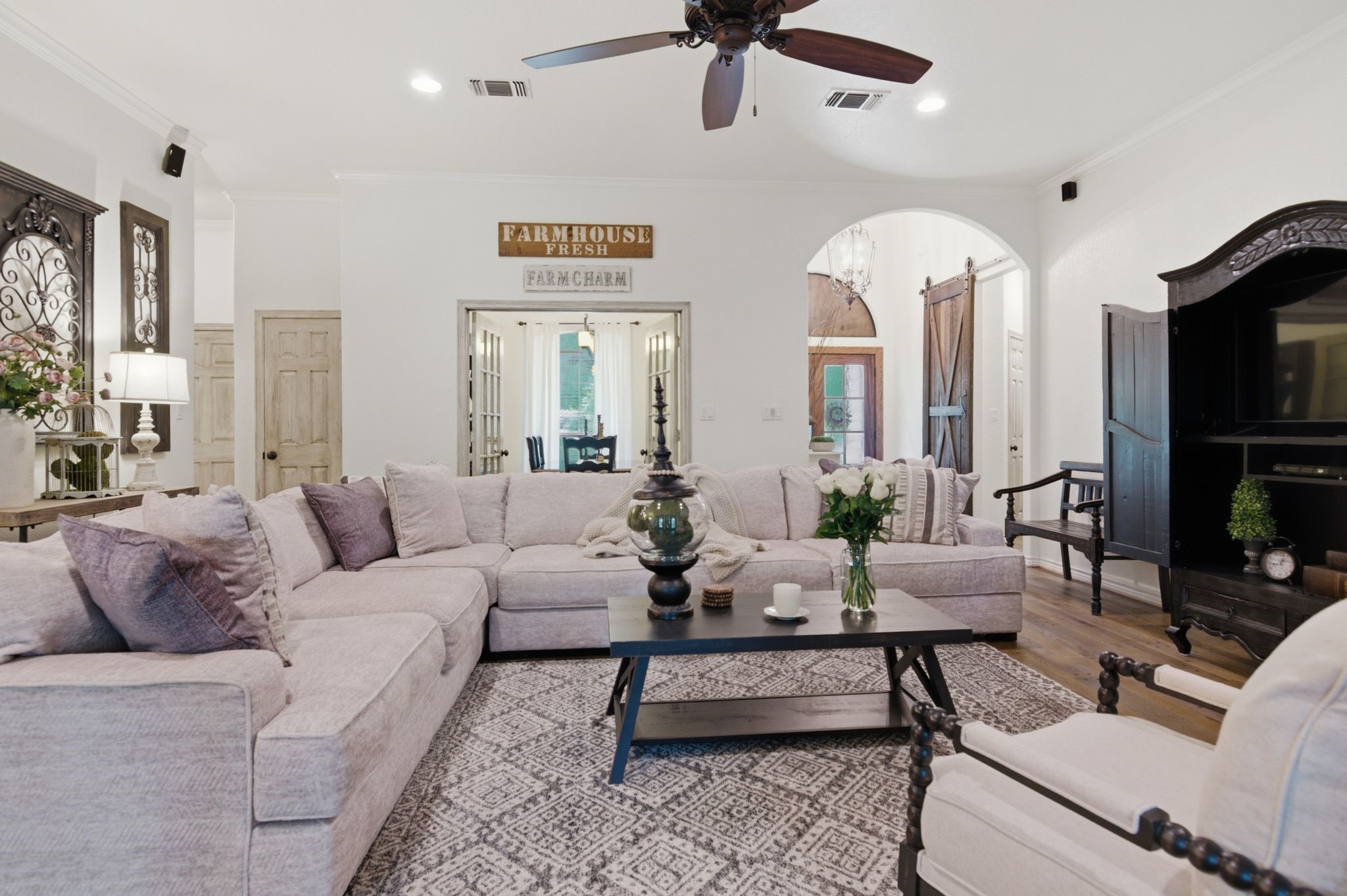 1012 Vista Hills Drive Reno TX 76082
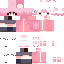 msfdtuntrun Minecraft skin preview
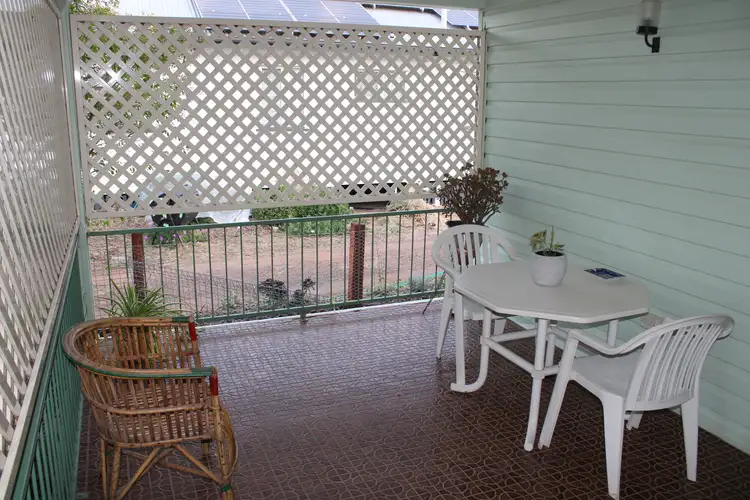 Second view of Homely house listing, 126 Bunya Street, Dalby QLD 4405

•••

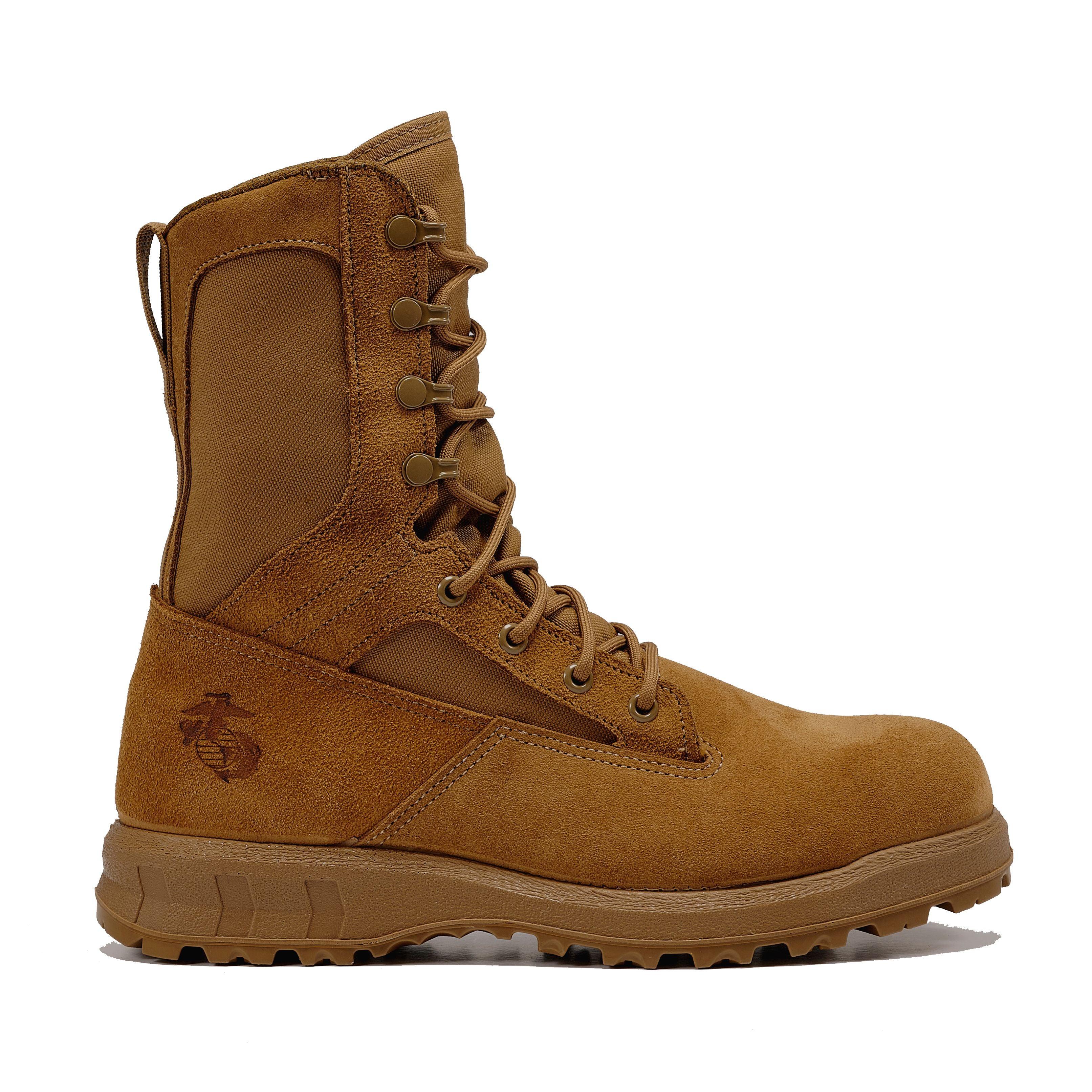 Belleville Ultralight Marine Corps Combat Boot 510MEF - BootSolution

•••

Brief — Among the entries above, locate the line with "msfdtuntrun Minecraft skin preview" and the line with "Second view of". Give those two lines and all lines between them again, exactly, leaving out the pictures.

Task answer —
 msfdtuntrun Minecraft skin preview
 Second view of Homely house listing, 126 Bunya Street, Dalby QLD 4405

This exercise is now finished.